2024年12月02日号
令和6年犯罪収益移転危険度調査書を読み解く~暴力団とトクリュウの「過去・現在・未来」
トクリュウの本質である「匿名性」「流動性」の高さは、暴力団が「犯罪組織」化する過程で警察との対決によって先鋭化・洗練化したものであり、トクリュウの原型は暴力団にある。一般的に暴力団の表面的な衰退とトクリュウの台頭という二元的な捉え方がなされるが、両者は大きく見れば一体のものとして捉えてよい。
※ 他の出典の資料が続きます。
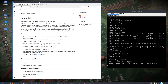To highlight again: dump-hfdl is an open-source decoder for HF data link, a long-range messaging system that aircraft use. It talks to your SDR through SoapySDR, so it works with many different receivers. In this video I'm using the AirSpy HF.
暴力団は今後、「任侠団体」としての中核を小さく維持しようとしながら、金儲け第一主義の「犯罪組織」としての性格を強め、一般社会と周縁部分が溶け合う形で社会的に深く存在していくはずだ。そうした状況において、暴力団とトクリュウの一体性が今後さらに強まることが予想される。あらゆる犯罪に深く関わる暴力団とトクリュウだからこそ、その「過去・現在・未来」は、犯罪収益移転危険度調査書を注意深く読み解くことで見えてくる。(芳賀)
カスハラ対応のリスクを正しく認識せよ
東京都に続き、北海道や三重県桑名市でも、カスタマーハラスメント(以下、カスハラ)防止条例が成立した。桑名市の条例は、警告に従わない場合は氏名公表を行う建付けで一歩踏みこんだ内容になっている。このような流れを踏まえ、改めてカスハラへの対応について言及したい。例えば旅館業法5条では一定の要件の元にカスハラによる宿泊拒否を認めているが、当該要件を満たさないのに宿泊拒否をすれば業法違反になる。現場では要件を満たすように対応する必要がある。また、カスハラがクレーマー的行為と認知されたことで、対応時に「カスハラ」と言おうものなら却って泥沼化する。注意が必要なのは、最近はここが商機と、にわか専門家が増えていることだ。「生兵法は大けがの元」。真贋を見極めることがカスハラ対策の第一歩と改めて認識すべきだ。(西尾)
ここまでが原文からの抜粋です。